ACTIVITY:
Go to the line that contains "SELECTED HOMME Rundhalspullover" in the records below and repeat it, and each line after it, exactly through the end, omitting pictures.

##### SOURCE DATA #####

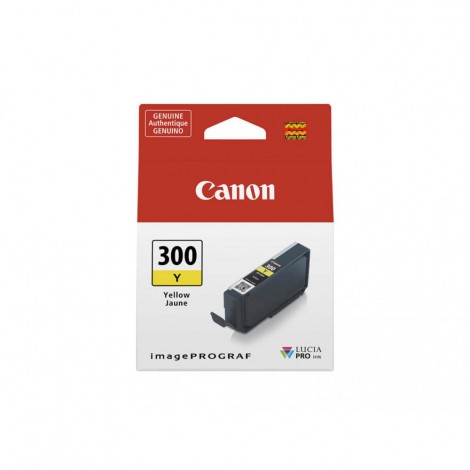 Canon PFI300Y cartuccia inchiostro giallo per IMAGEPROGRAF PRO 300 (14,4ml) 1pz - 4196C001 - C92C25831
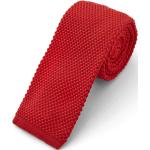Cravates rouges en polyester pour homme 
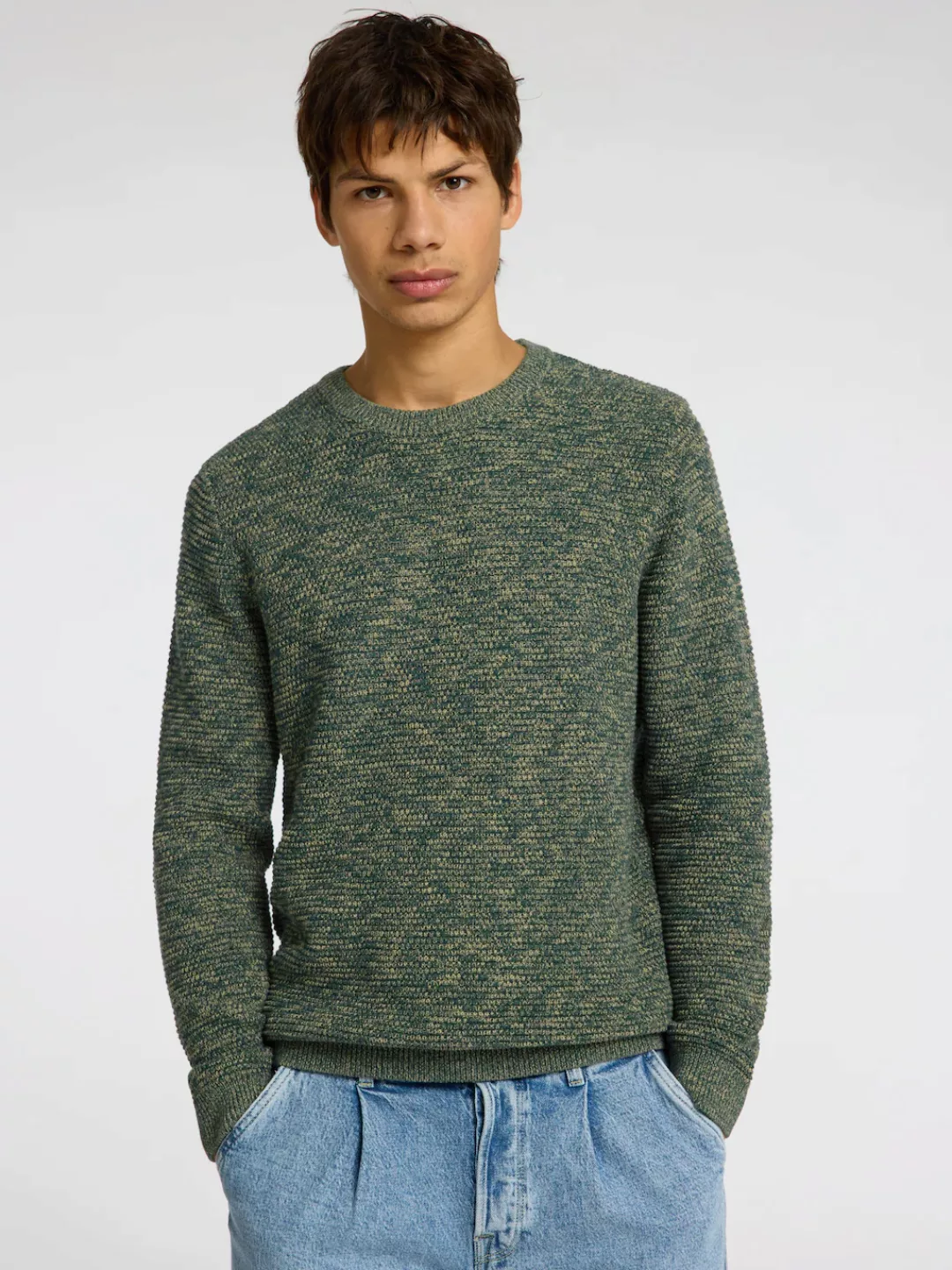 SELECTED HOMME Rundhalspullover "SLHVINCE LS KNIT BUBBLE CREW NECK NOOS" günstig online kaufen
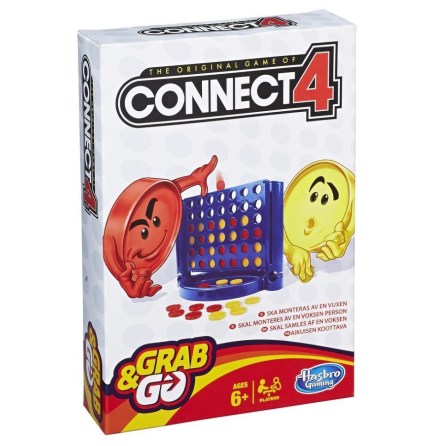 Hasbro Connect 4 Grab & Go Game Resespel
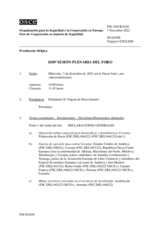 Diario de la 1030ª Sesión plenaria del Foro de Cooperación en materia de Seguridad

#####

TASK OUTPUT:
 SELECTED HOMME Rundhalspullover "SLHVINCE LS KNIT BUBBLE CREW NECK NOOS" günstig online kaufen
 Hasbro Connect 4 Grab & Go Game Resespel
 Diario de la 1030ª Sesión plenaria del Foro de Cooperación en materia de Seguridad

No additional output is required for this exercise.